# What's the best way to fill cracks in burl



## Skordog (Mar 3, 2005)

Hi All,

I have a couple of questions.  The first has to do with how to fill in cracks that are present in burl, although they can obviously appear in regular wood as well.

I have tried putting sawdust into them with CA but it does not seem to work.

Which leads to the second batch of questions:

Does CA have a shelf life?  The stuff I have is about a year or so old and just doesn't seem to stick real good.  I seem to remember that most CA would glue my fingers together instantly, whereas this stuff doesn't.

So, would a different bottle of CA and sawdust be a good filling material for cracks?  If so, how long do you let it dry before turning or sanding again?  Should I use accellerant?  (I have some on order) And what about cracks that show up in a pen due to drying after it is assembled?

Thanks for your help.

Jeff


----------



## Gary (Mar 3, 2005)

CA definately has a shelf life, and it sounds like yours is beyond the useable.  I buy it in small bottles, label it with the purchase date, and toss it if it isn't used in 6 months.

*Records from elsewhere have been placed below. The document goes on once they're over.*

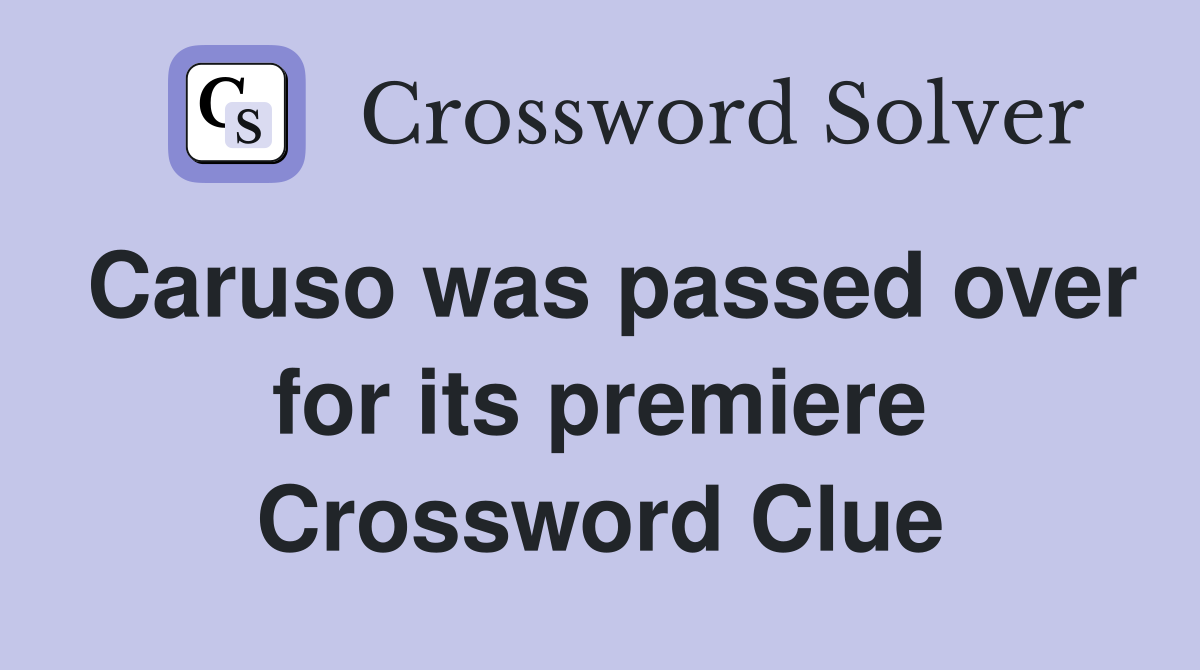 Caruso was passed over for its premiere Crossword Clue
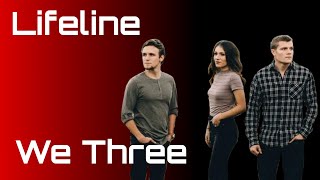 Lifeline - We Three 2 hour version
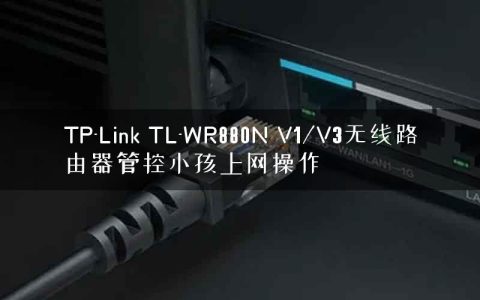 TP-Link TL-WR880N V1/V3无线路由器管控小孩上网操作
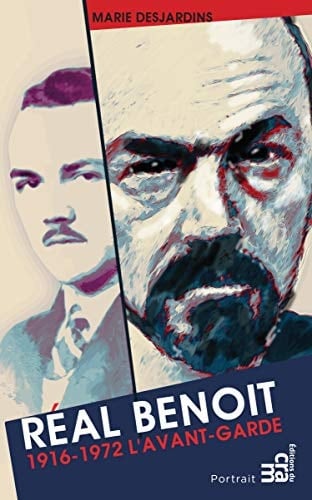 Réal Benoît 1916-1972 l'avant-garde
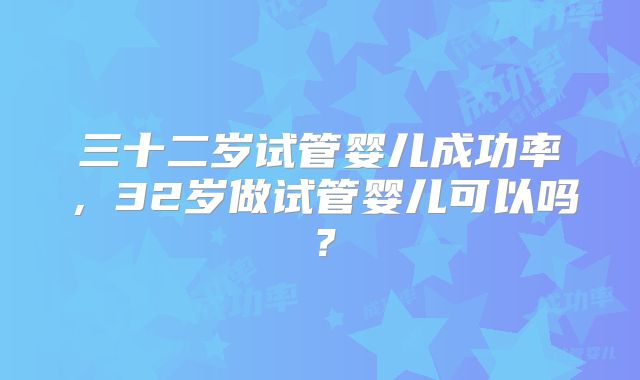 三十二岁试管婴儿成功率，32岁做试管婴儿可以吗？
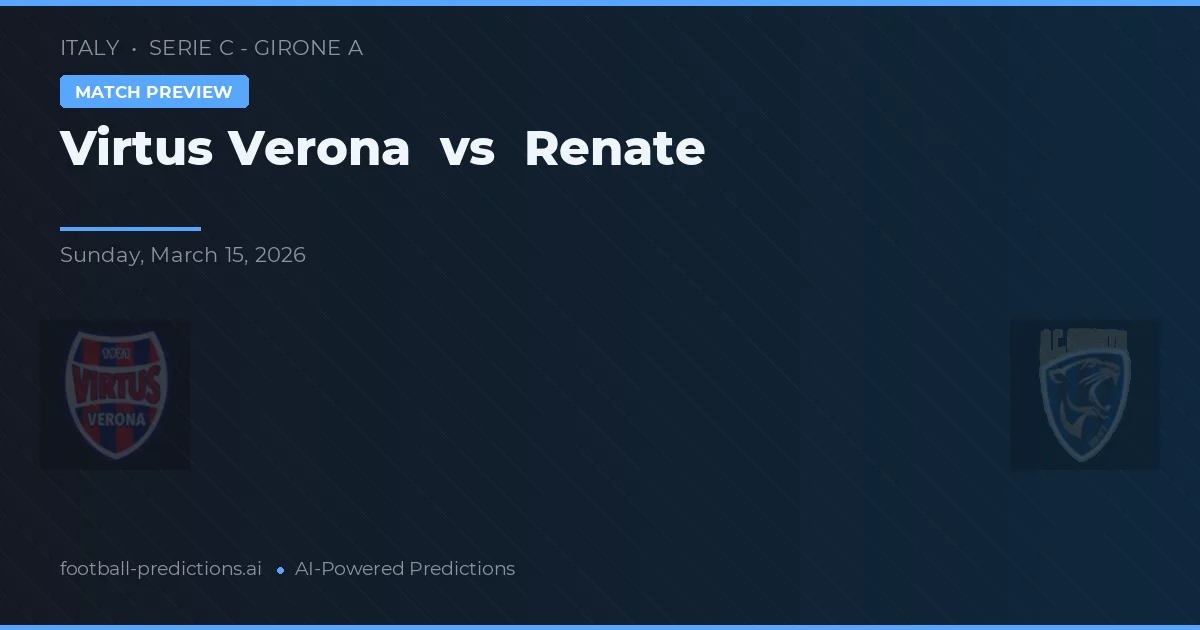 Virtus Verona vs Renate — pronóstico y previa del partido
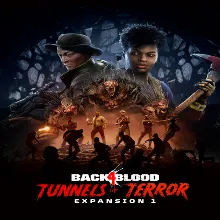 Back 4 Blood - Expansion 1: Tunnels of Terror EGS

For filling the cracks in burl eyes, try applying CA and sanding while it's still wet. It seems to work for me.

Cracks after assembling...that's a different matter. I know of no way to correct that. Maybe someone else does.  Were your blanks dry before you turned them?


----------



## JimGo (Mar 3, 2005)

I had a blank that broke in half as I was turning it.  A few splinters were lost along the edges, but I was able to get it back together using CA and sawdust.  Actually came out smooth, too, although the color was off because I used a few different kinds of wood (I had turned three or four kinds that day).


----------



## low_48 (Mar 3, 2005)

When I have large cracks in burls to fill I like to use 5 minute epoxy. I use sawdust as a filler. Many times I use walnut dust and don't try to match the wood, but make it look like a bark inclusions. I also use black universal colors to get some really dark fill.

Rich


----------



## DCBluesman (Mar 3, 2005)

There are lots of ways to fill voids in burls...sawdust is just one.  It can be filled with crushed stone, coffee grounds, black CA...the choices are endless.  You can also fill these voids with glues other than CA.  Good choices include wood glues (make sure they are clear drying) and epoxy.


----------



## jdavis (Mar 4, 2005)

I agre with Lou. Well said Lou. We fill with CA and sawdust. We have alot of filling at times ( working with students).


----------



## Skordog (Mar 4, 2005)

Thanks for all the responses guys.  Nice to have confirmation on the CA.   I'll get some new stuff on the way home today.  Hopefully I'll have much better luck with some glue that works.  And good idea of putting a purchase date on the bottle.


----------



## ilikewood (Mar 4, 2005)

I agree with Lou. I use CA and fine sandings for small cracks or inclusions, and a 5 min epoxy with fine sandings or chips for large holes or pores.


----------



## Skordog (Mar 4, 2005)

Brought home some new CA from the local hobby store.  That's the stuff I remember.  Instant finger glue!  []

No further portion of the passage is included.